Data for review START

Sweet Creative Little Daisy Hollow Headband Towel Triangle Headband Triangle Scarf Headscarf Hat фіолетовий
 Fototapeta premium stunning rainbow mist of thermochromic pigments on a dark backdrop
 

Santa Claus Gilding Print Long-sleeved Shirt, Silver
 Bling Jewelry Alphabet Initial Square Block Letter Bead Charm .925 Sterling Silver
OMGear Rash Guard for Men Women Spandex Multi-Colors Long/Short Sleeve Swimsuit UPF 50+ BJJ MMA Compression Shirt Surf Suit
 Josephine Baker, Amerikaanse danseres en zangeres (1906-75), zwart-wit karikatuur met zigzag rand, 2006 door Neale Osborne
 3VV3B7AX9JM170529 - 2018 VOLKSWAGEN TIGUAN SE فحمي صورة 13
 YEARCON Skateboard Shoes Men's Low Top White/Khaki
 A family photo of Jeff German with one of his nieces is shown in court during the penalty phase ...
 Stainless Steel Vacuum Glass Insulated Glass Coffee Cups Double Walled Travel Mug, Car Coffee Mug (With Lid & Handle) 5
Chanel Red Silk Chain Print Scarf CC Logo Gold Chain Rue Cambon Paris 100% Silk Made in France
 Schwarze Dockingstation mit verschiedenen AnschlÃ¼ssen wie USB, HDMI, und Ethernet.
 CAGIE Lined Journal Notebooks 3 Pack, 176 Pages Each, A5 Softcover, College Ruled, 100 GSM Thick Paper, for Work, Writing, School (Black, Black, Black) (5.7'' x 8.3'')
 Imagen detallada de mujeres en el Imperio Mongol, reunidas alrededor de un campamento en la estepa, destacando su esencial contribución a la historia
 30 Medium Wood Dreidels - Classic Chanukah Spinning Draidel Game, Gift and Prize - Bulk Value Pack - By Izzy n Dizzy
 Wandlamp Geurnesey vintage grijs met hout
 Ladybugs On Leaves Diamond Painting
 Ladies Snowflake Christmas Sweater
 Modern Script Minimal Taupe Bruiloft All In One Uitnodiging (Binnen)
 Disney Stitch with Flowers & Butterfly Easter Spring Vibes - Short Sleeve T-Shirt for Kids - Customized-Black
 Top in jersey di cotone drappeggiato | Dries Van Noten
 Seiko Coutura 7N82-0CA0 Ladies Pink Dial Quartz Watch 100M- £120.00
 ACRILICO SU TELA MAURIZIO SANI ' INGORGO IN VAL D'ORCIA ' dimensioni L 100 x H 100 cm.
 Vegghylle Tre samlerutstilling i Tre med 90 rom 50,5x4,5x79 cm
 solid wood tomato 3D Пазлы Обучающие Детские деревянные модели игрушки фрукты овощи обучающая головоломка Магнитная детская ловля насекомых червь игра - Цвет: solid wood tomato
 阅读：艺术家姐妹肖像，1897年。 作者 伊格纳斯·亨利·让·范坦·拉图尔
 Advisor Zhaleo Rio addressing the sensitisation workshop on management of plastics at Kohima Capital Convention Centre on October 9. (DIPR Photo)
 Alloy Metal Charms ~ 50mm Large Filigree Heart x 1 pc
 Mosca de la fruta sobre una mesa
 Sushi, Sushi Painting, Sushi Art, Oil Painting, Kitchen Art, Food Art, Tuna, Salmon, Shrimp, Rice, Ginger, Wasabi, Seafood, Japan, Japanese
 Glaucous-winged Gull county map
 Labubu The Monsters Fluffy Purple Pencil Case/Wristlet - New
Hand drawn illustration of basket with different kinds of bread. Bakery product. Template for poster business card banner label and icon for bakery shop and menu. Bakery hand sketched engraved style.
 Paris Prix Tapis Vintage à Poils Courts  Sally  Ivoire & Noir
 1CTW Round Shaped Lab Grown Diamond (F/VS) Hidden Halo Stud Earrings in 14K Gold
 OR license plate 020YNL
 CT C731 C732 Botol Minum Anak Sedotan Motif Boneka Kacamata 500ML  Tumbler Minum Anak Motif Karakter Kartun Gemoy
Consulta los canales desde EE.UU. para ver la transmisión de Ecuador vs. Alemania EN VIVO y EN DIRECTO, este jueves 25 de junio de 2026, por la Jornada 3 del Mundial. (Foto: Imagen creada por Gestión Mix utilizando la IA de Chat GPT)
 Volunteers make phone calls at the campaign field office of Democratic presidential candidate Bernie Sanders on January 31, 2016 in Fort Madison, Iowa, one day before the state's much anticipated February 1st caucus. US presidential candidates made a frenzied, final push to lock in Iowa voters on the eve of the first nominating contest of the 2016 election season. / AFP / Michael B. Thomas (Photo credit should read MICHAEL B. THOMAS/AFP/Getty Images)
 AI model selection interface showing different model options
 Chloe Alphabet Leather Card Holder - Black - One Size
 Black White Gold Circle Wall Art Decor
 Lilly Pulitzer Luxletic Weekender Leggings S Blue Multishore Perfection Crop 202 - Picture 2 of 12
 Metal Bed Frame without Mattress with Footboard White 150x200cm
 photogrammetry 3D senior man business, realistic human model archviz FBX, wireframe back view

Data for review END

→ Directions for this task
Copy out every line of the data that includes the word "Paris".

→ Output for this exercise
Chanel Red Silk Chain Print Scarf CC Logo Gold Chain Rue Cambon Paris 100% Silk Made in France
 Paris Prix Tapis Vintage à Poils Courts  Sally  Ivoire & Noir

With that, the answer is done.